- [Work to be completed] Take the entries below and print, exactly, the stretch from the line containing "Terminal World - Alastair" through the line containing "Voorschip, Accommodatie", both included.

++++++++++++++++++++

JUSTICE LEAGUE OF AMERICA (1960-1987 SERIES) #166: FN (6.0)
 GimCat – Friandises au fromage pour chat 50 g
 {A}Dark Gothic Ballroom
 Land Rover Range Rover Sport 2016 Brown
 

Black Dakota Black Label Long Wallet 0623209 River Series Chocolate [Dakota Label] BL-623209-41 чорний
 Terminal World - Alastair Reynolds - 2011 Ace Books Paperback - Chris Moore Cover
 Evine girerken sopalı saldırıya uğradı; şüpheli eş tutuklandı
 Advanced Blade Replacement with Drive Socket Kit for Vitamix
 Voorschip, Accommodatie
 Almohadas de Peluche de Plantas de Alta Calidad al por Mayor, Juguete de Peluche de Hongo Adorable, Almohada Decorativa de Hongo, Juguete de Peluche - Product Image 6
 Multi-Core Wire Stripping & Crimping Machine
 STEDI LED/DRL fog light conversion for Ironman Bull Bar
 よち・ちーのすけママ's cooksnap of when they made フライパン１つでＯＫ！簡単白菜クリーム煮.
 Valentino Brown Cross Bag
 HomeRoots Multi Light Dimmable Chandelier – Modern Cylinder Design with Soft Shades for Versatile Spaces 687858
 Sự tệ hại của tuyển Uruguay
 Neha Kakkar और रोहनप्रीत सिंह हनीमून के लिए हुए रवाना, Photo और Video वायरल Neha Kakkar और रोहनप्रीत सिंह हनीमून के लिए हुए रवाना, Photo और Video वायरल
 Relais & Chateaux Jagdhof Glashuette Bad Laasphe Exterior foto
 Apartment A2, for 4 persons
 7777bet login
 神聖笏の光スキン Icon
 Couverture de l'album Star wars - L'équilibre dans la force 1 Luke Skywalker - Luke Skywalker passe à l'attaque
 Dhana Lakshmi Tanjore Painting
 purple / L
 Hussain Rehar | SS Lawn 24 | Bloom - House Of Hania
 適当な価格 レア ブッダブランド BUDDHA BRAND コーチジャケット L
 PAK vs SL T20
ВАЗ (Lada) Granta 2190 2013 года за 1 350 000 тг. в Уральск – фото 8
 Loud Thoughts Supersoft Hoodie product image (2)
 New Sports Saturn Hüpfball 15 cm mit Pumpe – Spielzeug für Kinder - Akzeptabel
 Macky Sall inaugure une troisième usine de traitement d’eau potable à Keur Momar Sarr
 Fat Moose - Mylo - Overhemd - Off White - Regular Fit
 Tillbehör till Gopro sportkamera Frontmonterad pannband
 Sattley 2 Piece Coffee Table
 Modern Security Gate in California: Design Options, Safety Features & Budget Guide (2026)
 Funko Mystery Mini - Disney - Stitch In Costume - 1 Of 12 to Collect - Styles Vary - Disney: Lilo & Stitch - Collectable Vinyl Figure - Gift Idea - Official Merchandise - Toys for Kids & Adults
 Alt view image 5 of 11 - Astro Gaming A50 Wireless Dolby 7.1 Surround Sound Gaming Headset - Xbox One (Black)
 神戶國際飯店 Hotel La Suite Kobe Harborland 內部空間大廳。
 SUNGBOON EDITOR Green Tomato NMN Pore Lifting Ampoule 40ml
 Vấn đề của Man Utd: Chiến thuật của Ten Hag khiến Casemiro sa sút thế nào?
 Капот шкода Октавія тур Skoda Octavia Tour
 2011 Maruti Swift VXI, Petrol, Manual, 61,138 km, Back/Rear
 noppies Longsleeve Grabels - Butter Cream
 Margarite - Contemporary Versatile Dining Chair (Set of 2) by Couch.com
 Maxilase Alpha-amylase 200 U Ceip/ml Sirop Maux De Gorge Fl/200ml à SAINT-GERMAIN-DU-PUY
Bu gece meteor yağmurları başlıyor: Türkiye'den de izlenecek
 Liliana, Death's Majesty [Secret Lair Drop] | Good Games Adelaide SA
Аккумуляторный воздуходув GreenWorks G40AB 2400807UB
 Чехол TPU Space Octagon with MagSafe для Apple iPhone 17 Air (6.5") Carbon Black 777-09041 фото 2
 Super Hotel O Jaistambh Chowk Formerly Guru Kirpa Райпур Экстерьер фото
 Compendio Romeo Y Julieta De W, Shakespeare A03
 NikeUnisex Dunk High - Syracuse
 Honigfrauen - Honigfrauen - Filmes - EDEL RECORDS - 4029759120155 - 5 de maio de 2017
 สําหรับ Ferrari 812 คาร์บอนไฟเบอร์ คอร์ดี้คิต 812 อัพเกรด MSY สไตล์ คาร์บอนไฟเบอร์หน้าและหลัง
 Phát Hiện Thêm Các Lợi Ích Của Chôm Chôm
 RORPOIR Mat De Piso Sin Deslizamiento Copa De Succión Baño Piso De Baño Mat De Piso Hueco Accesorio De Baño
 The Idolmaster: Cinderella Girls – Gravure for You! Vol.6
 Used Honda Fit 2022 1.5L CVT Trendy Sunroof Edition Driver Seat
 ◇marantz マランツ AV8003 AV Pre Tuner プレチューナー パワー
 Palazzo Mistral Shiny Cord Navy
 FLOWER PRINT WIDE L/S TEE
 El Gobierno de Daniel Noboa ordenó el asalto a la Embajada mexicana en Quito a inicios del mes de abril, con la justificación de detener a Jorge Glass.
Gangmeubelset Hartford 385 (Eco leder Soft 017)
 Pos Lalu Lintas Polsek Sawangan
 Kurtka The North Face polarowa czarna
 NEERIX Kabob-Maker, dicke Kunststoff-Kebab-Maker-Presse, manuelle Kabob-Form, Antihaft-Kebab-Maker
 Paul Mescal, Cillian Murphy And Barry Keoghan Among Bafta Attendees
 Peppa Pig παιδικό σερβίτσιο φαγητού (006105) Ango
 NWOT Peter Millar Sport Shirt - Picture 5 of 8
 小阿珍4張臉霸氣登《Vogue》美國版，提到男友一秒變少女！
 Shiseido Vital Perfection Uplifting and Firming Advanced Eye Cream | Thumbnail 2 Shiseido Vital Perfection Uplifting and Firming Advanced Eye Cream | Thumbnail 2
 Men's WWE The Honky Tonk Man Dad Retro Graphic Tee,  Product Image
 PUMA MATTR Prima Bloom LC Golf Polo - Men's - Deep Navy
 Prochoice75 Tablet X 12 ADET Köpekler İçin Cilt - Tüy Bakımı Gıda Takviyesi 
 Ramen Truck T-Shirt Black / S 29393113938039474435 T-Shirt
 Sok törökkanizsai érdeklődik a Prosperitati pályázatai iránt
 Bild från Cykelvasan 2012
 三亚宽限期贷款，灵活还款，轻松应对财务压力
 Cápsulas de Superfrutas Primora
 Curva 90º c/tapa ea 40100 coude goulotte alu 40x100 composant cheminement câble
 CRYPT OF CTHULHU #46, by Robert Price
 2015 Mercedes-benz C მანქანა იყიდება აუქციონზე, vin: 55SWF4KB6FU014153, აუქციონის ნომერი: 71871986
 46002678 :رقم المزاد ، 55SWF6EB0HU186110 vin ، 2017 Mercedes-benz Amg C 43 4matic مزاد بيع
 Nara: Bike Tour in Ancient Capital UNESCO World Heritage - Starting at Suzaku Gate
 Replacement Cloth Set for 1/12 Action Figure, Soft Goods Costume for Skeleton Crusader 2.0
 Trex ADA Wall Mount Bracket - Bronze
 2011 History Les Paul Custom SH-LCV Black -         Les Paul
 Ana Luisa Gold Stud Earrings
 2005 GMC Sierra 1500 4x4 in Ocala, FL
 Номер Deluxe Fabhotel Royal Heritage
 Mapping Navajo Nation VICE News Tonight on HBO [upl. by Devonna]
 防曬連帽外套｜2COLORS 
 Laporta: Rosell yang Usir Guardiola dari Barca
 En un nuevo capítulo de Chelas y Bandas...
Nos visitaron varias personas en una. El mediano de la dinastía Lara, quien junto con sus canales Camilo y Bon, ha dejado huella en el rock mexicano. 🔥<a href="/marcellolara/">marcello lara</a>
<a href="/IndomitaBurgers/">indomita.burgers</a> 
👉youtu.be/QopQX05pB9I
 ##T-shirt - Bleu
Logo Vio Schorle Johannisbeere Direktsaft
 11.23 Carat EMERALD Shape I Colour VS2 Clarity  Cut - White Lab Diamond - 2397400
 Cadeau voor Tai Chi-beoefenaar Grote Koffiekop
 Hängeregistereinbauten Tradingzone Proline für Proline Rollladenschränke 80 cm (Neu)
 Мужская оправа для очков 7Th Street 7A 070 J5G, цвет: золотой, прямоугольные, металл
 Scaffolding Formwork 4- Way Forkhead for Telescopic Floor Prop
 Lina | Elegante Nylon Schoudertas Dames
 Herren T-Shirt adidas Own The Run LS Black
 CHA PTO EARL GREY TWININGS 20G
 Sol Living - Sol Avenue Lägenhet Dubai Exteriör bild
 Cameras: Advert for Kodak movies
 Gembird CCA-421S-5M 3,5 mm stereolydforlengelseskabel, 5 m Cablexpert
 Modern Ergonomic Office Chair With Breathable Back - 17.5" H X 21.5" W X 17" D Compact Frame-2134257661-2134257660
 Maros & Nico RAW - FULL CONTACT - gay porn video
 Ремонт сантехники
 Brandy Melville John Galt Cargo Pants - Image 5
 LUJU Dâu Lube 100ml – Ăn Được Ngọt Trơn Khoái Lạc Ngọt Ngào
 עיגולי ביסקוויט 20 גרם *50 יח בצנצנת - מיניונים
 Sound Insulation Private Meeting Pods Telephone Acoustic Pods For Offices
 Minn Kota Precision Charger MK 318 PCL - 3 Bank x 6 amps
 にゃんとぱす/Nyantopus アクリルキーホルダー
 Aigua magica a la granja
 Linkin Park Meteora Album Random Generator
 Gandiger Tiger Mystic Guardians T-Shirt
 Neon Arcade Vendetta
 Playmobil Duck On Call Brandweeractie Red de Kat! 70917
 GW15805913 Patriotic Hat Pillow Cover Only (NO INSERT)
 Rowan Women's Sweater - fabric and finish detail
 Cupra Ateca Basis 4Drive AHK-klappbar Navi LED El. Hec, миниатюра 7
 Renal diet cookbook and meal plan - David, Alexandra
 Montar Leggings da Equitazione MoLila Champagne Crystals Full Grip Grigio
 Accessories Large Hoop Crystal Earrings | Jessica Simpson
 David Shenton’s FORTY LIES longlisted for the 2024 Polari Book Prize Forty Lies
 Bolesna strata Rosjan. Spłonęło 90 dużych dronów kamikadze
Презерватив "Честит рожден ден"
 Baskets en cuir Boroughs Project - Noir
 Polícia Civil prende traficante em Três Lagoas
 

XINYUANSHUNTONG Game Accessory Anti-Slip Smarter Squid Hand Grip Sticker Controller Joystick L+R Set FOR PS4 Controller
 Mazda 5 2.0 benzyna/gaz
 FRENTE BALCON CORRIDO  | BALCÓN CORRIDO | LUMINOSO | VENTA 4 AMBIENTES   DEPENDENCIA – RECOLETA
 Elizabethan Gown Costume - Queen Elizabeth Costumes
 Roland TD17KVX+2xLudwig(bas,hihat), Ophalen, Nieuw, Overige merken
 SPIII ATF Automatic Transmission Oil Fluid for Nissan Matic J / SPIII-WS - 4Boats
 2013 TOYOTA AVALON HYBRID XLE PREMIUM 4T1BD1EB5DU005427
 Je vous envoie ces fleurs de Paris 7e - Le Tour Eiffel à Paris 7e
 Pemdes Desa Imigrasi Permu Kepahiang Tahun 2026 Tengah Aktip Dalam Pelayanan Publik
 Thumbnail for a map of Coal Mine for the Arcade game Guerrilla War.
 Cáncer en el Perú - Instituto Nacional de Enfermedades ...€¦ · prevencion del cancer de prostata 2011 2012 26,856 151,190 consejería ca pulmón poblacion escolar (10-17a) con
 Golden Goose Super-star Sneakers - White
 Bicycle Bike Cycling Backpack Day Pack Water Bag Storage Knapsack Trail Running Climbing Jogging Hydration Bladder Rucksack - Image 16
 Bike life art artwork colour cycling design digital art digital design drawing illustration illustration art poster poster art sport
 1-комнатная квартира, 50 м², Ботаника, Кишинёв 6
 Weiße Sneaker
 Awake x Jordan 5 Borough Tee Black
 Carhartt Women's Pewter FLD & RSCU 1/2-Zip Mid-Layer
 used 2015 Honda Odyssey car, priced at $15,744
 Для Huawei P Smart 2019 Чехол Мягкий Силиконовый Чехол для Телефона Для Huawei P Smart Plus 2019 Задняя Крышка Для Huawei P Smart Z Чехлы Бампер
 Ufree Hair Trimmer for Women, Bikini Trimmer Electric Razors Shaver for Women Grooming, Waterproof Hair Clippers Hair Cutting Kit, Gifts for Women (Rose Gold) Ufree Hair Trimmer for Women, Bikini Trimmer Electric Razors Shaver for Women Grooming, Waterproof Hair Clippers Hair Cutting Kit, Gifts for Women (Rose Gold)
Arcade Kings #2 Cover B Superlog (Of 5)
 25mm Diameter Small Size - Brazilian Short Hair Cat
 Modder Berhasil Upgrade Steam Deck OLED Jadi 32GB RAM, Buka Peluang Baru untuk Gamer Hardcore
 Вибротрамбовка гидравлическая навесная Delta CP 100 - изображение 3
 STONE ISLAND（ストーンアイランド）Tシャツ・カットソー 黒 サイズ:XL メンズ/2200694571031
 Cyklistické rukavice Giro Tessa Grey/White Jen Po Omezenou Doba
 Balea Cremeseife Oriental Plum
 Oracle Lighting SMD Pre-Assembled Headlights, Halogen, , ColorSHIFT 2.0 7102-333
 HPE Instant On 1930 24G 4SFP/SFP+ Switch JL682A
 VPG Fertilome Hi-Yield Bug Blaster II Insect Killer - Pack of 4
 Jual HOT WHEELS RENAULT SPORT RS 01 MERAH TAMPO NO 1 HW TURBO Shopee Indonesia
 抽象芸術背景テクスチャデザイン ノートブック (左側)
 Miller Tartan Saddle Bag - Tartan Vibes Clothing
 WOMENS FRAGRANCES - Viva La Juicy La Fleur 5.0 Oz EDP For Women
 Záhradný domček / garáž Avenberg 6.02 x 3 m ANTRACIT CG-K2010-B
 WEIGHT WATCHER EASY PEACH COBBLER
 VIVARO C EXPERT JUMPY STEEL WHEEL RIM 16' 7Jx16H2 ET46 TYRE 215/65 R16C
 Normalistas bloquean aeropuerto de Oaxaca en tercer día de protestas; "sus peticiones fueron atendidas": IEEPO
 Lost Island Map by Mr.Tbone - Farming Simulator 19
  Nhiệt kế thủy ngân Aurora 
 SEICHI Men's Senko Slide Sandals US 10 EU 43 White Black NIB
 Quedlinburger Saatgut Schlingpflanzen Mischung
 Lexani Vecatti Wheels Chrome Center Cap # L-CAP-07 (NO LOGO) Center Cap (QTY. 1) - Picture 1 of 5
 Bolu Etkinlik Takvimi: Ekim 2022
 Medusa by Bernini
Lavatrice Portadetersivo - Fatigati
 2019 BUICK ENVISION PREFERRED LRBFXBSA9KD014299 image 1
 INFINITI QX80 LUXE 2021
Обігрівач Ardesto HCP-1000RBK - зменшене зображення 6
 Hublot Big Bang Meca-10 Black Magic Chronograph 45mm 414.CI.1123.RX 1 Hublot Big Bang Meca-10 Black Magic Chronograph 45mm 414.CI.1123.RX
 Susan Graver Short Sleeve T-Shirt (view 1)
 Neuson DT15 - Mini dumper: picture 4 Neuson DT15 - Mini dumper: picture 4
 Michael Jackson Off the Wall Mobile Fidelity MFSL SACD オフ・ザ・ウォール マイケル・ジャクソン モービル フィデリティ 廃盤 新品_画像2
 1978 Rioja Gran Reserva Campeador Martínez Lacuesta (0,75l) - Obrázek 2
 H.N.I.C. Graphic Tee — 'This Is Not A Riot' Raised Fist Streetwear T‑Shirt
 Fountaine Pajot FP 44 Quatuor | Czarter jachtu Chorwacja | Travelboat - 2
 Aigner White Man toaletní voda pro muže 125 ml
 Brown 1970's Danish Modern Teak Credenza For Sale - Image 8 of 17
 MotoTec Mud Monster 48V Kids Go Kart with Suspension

++++++++++++++++++++

- [Result of this task]
 Terminal World - Alastair Reynolds - 2011 Ace Books Paperback - Chris Moore Cover
 Evine girerken sopalı saldırıya uğradı; şüpheli eş tutuklandı
 Advanced Blade Replacement with Drive Socket Kit for Vitamix
 Voorschip, Accommodatie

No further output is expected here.